Lantagnac s’était levé.

— Mais, qu’y a-t-il donc, ma pauvre enfant ? Maud ferma précipitamment son livre.

— Il y a, mon ami, répondit-elle, en entrecoupant ses mots d’effusions de larmes, il y a que vous regrettez votre mariage et que notre bonheur est fini.

Lantagnac n’eut pas le temps de répondre. Maud gravissait en toute hâte le grand escalier du salon, laissant seul son mari, acculé, cette fois, sans retour possible, à la réalité poignante.

Pour de bon, il comprit, à cette heure, que sa vie accédait à la tragédie. Pendant qu’il restait là, dans cet isolement du grand salon qui le glaçait, une vision très nette traversa son esprit.
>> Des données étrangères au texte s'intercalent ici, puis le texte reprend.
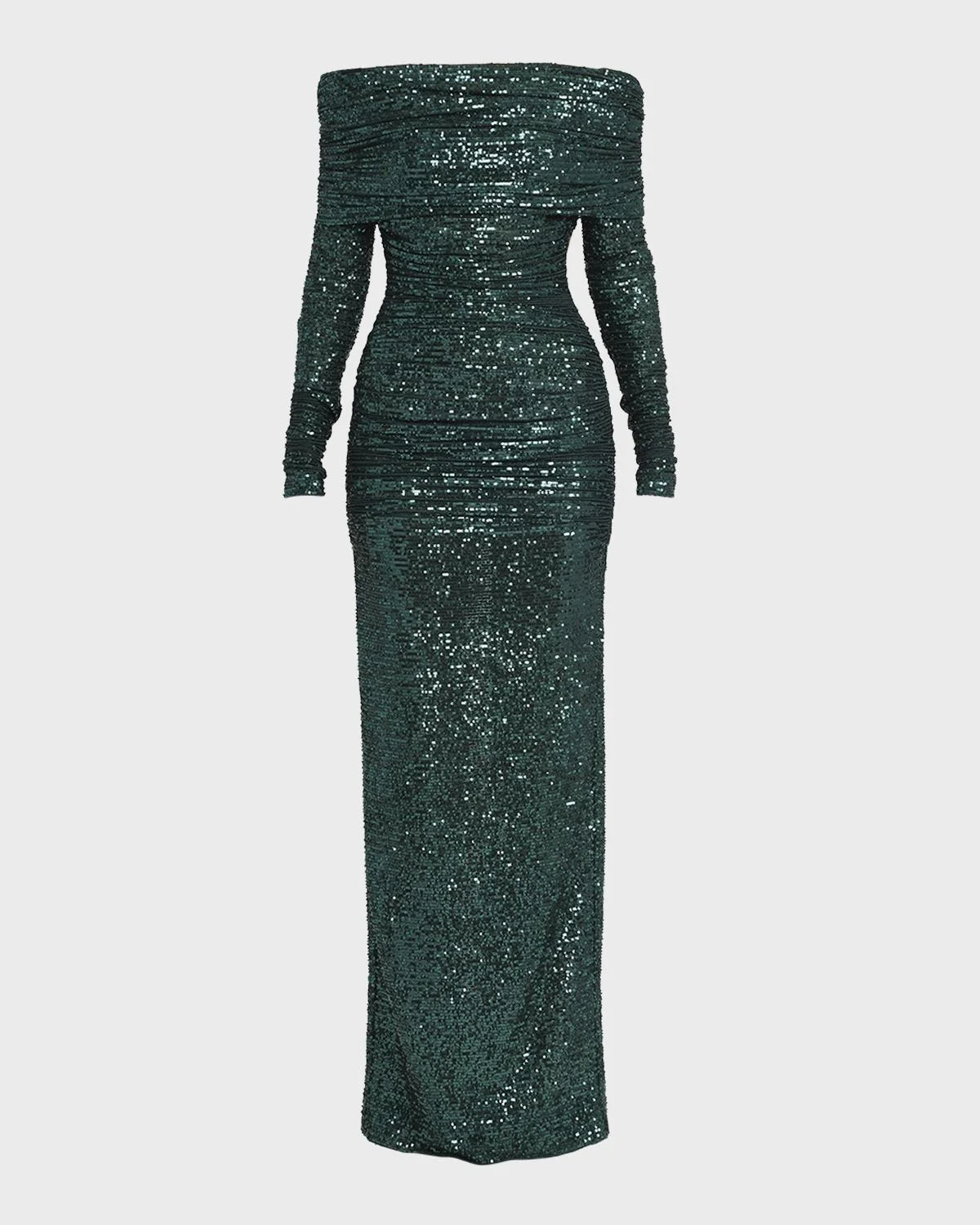 Sequin Off-Shoulder Column Gown - 1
Il aperçut, dans sa propre existence, ce que lui avait durement révélé son expérience du tribunal, en particulier celle des cours d’assises : l’implacable retentissement d’une faute à travers une vie humaine, l’enchaînement fatal des expiations. Il est des existences, il le savait, qu’une seule erreur a faussées, entièrement désaxées. Cette erreur, Lantagnac n’en doutait plus : il l’avait commise lui-même, vingt-trois ans passés ; et c’en étaient les dures répercussions qui commençaient de l’atteindre.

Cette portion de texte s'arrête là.